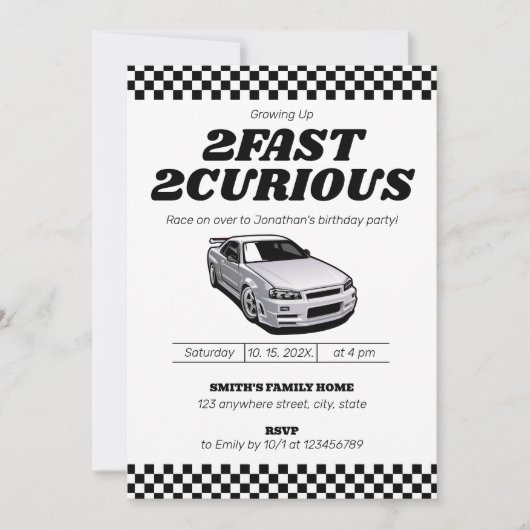 2人のファーストツーハンドルボーイ2人目の誕生日パーティー 招待状 (正面)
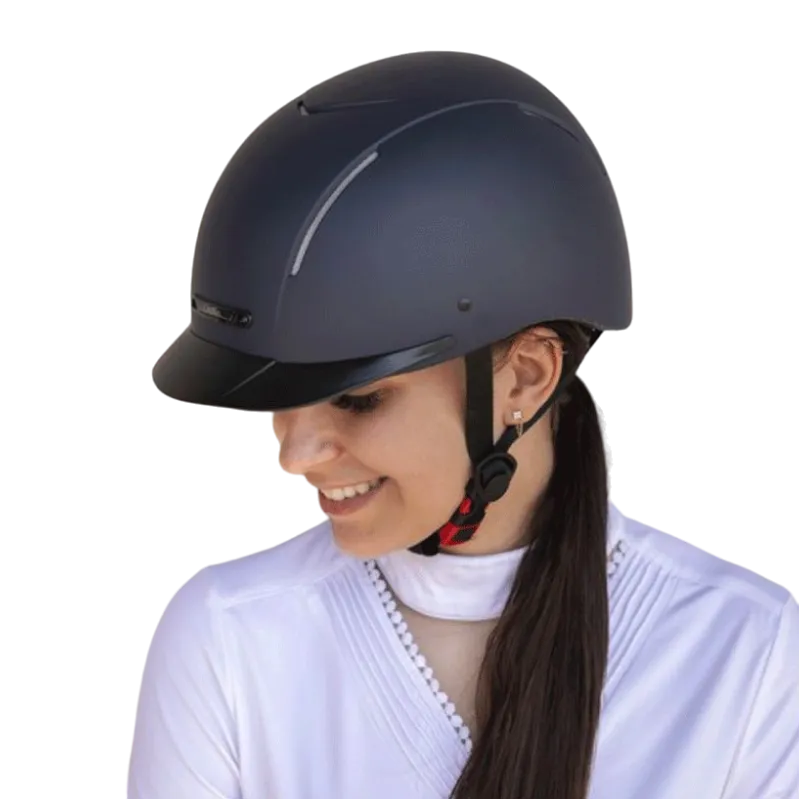 Choplin - Casque d'équitation plume mat marine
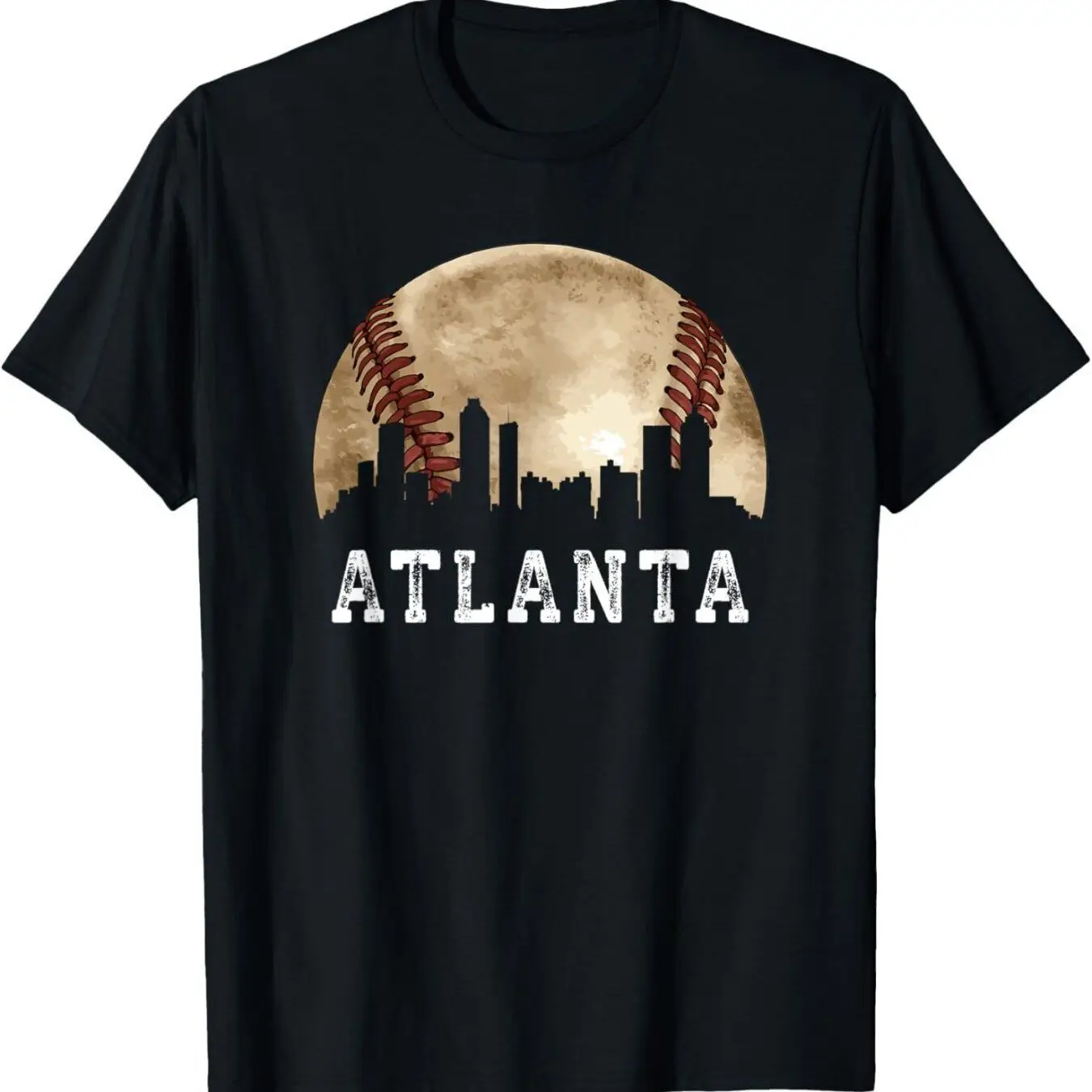 Atlanta Skyline City Vintage Baseball Lover T-Shirt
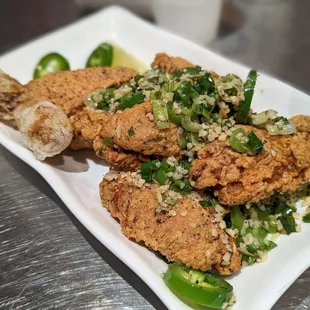 Peppercorn Wings + Imperial Rolls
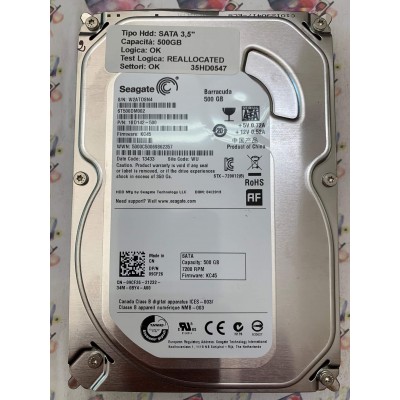 Hard Disk Usato Semifunzionante SATA 3,5" 500GB SEAGATE ST500DM002 1BD142-500 KC45 13433 WU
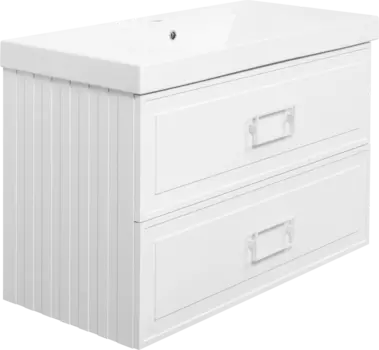 Тумба с раковиной La Fenice Cubo Twin 100 белая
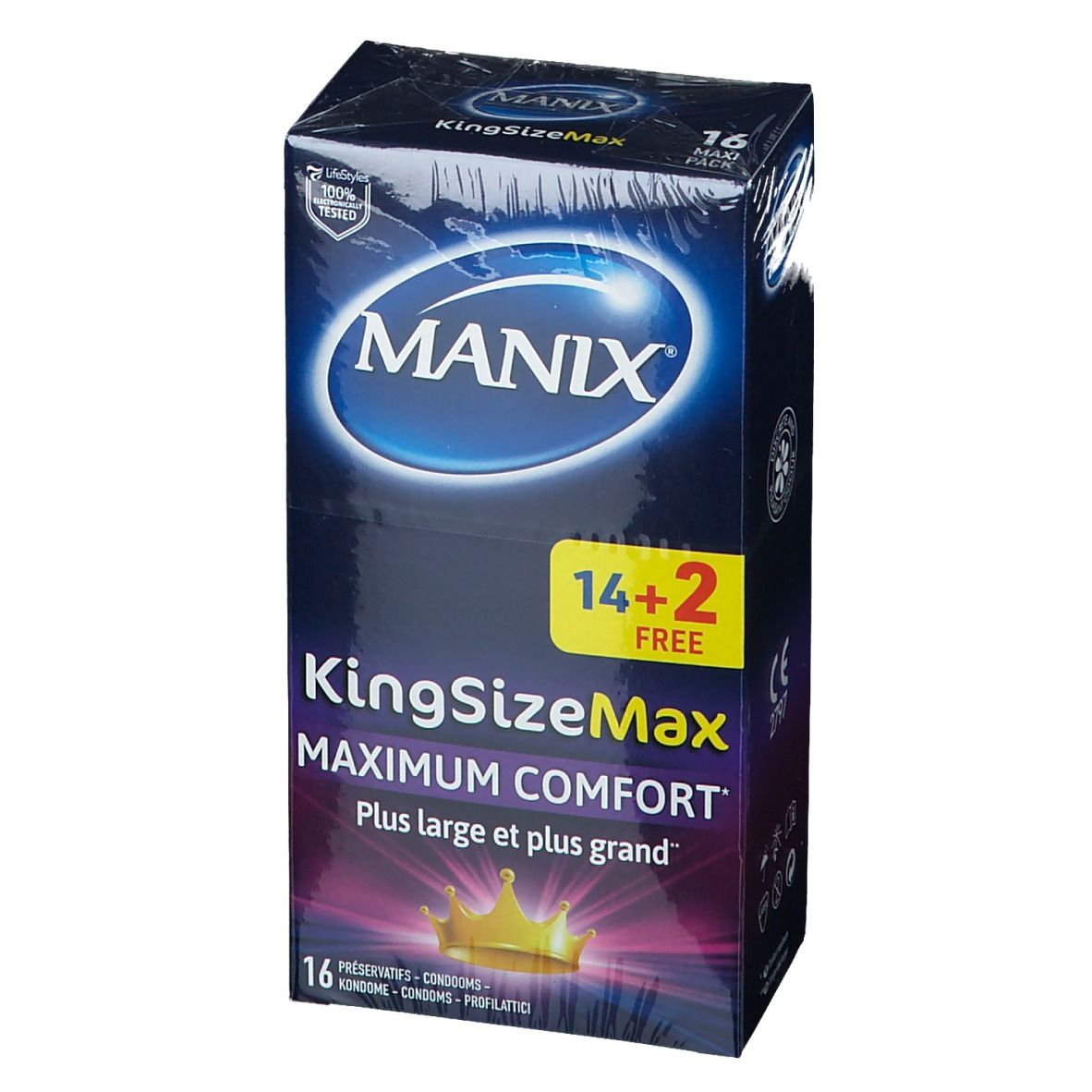 Manix KingSizeMax Maximum Comfort Condooms + 2 Condooms GRATIS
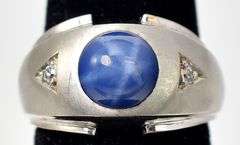 Beautiful 14K White Gold Star Sapphire and Diamond Ring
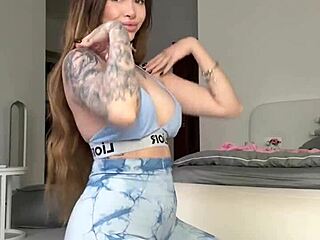 adrianna savus shakes huge tits and ass in dirty yoga workout sex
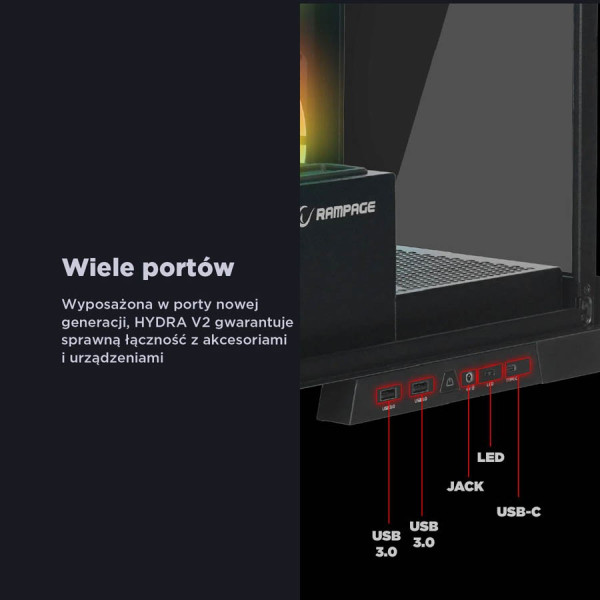 Rampage Hydra V2 Obudowa PC akwarium 4x wentylator ARGB czarna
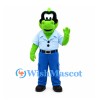 Lizard Mascot Costume with Pale Blue Police Shirt and Navy Cap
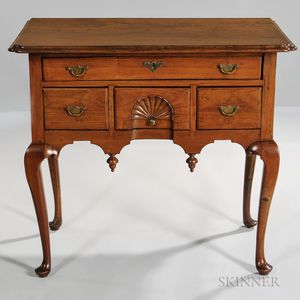 Queen Anne Carved Walnut Dressing Table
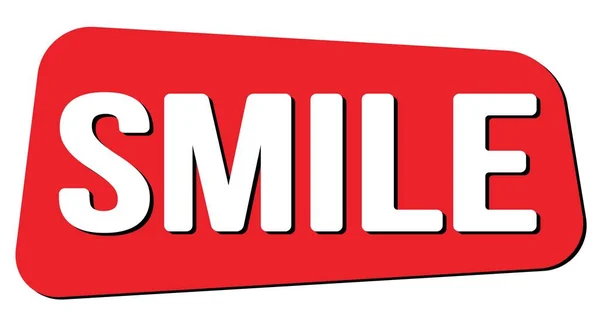 Smile Text Written Red Trapeze Stamp Sign — 图库照片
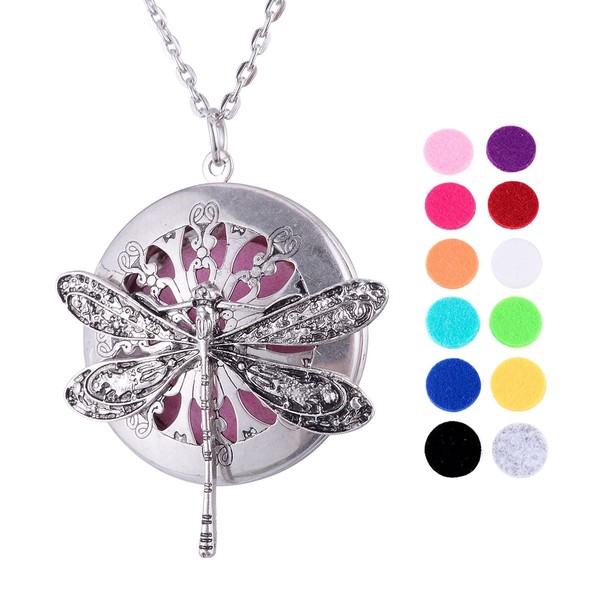 VALYRIA Alloy Dragonfly Locket Aromatherapy Essential Oil Diffuser Necklace with 12 Refill Pads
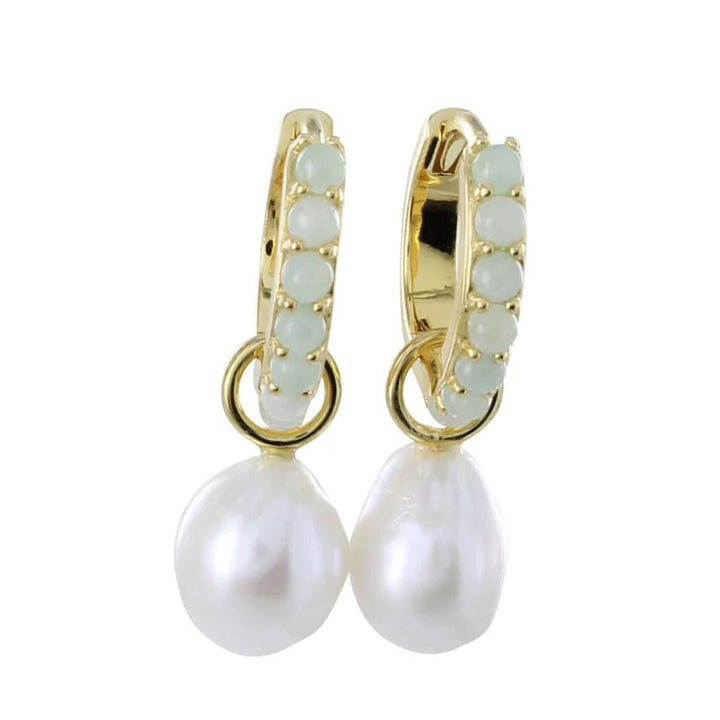 Pearl Gold Harmony Huggies Earrings - Cotswold Jewellery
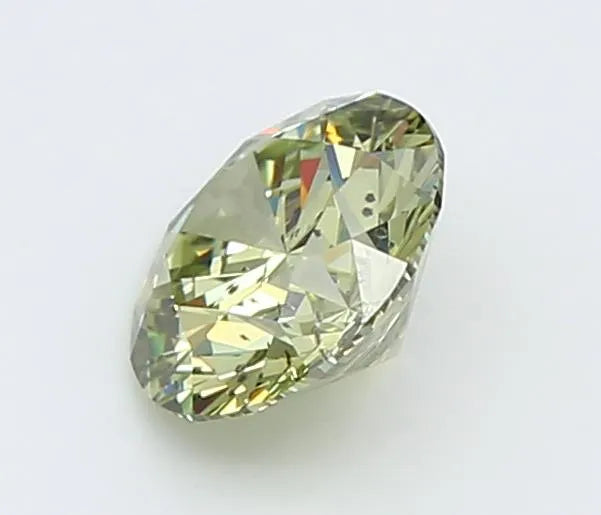 Diamant rond de 0,57 ct cultivé en laboratoire (Fancy Vivid Green, pureté SI2, taille EX, IGI)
==========
Work instruction
Every line from the one containing "Beautiful 14K White" through the final line of the records above is to be written out exactly; nothing else, and no pictures.

Output for this exercise
 Beautiful 14K White Gold Star Sapphire and Diamond Ring
 adrianna savus shakes huge tits and ass in dirty yoga workout sex
 Rampage Hydra V2 Obudowa PC akwarium 4x wentylator ARGB czarna
 Lizard Mascot Costume with Pale Blue Police Shirt and Navy Cap
 Queen Anne Carved Walnut Dressing Table
 Smile Text Written Red Trapeze Stamp Sign — 图库照片
 VALYRIA Alloy Dragonfly Locket Aromatherapy Essential Oil Diffuser Necklace with 12 Refill Pads
 Pearl Gold Harmony Huggies Earrings - Cotswold Jewellery
 Diamant rond de 0,57 ct cultivé en laboratoire (Fancy Vivid Green, pureté SI2, taille EX, IGI)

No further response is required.